2020-05-22 Thread Sergei Trofimovich
'tc-directly' tracker https://bugs.gentoo.org/243502 tracks
packages that don't respect users' CC/AR/LD flags.

I added new USE=-native-symlinks mode for gcc-config and
binutils-config to ease detection of such packages.

Native symlinks are still installed by default. Nothing should
break for users who use default USE flags.

USE=-native-symlinks removes a bunch of links that most packages
use by default until are overridden explicitly. Incomplete list is:
- /lib/cpp
- /usr/bin/{gcc,cc,g++,c++,...}
- /usr/bin/{as,ld,ranlib,dwp,...}

The rule of thumb is: if a tool does not have ${CTARGET}- prefix
it will probably disappear with USE=-native-symlinks.

(At least eventually) 'emerge' should still be able to build most
of packages in such environment. I expect initial breakage will be
huge though.

Using './configure && make && make install' style workflow will be more
tedious.
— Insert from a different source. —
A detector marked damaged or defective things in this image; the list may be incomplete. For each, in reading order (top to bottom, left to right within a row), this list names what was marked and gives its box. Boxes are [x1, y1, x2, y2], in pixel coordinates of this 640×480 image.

One workaround at least for gcc is to use something like:
$ PATH="$(gcc-config -B):$PATH"
It's not perfect. We'll see if toolchain can provide nicer environment.

Typical fixes for autoconf style build systems is to use macros like:
- AC_PROG_CC
- AM_PROG_AR
- AC_CHECK_TOOL(DWP, dwp)
and so on to detect tool that corresponds to --host=/--target= flags
and allows user's override via environment variable.